This blog is part of our series developed in collaboration with the Reiff Center for Human Rights and Conflict Resolution at Christopher Newport University.
In June of 2017, Afghan President Ashrah Ghani signed the Cyber Crime Code into law, outlining the proper use of the internet and other communication devices. The code defines what qualifies as a cybercrime – something that had never previously been explained in legislation. With nearly 24 million internet users across Afghanistan, the threat of cyber warfare, gambling, terrorism, and even espionage pushed the state to instill the new code for the protection of citizens and government processes alike.

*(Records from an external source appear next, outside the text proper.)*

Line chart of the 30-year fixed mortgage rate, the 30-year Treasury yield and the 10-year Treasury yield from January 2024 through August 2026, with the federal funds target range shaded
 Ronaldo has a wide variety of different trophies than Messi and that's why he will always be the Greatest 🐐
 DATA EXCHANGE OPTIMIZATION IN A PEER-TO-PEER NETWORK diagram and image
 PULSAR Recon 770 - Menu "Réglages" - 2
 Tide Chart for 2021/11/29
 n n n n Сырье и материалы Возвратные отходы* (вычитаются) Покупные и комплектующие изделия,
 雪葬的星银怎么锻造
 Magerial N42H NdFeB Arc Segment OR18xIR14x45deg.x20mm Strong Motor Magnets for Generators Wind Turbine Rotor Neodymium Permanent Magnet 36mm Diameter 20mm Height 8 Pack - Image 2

Since 2002, the nation has increased its phone and internet capabilities exponentially. The communication sector has experienced a distinct economic boom, with more than 120,000 Afghan citizens now working in the telecom sector and the creation of the country’s first truly technologically advanced generation. Increasing access to the internet also brings rise to use of the platform as a means of sociopolitical advocacy for Afghan citizens. Everything from politics, ethnicity, religion, and even sectarianism are discussed on these platforms. Social movements have achieved great success with the help of social media; movements like Uprising for Change in protest of a massive suicide attack in 2017 and The Enlightenment Movement both took flight on social media and were able to spread awareness and information to citizens in a way that would have been impossible before.
Women in particular have benefitted from this increased connectivity. The publication Motherboard tells the tale of Freshta, an 18-year-old Afghan woman, who enrolled in an online program with the help of her brother, Elham. Elham bought his sister a laptop and a cellphone and registered her for lessons online for three hours, four days a week. He also created social media accounts to allow her to connect and collaborate with her classmates around the world. Such a small step is very important for Afghan women who have long been denied these fundamental experiences.
Just as Freshta’s experience highlights how women are able to capitalize on improvements in internet access to contribute to their educational growth, the increased access also helps to more easily track abuses against all citizens. In March of 2016, a video was posted online depicting two Afghan police officers beating a man and then dragging him behind a truck. As there is currently no monitoring mechanism in place to track abuse reports, the notoriety of the video was what led the government to investigate the incident and punish the abusers. With the widespread adoption of technology, social media posts like these can help to raise national awareness about criminal and human right abuses. Women in particular are increasingly likely to experience online harassment, and privacy threats rank highest against women. Internet access provides a way to bring attention to abuses and is a platform that informs not just the everyday citizen, but also those in power as to what is happening and how the people are responding.
As Afghanistan continues to adjust to its newfound role as a technological player, the government should look for ways to collaborate with civil society organizations to inform citizens on the rights and regulations that make up the Cyber Crime Law as well as to ensure that all citizens are being protected equally under the new law. Media rights-based organizations in Afghanistan continue to advocate for laws and policies that uphold freedom of expression and the right to information, as well as serving as a watchdog of the government to ensure transparency and accountability. Civil society’s involvement will only strengthen the enforcement of the Cyber Crime Law and ensure that the gaps in the law – including women’s privacy and protection – are brought to the attention of decision makers.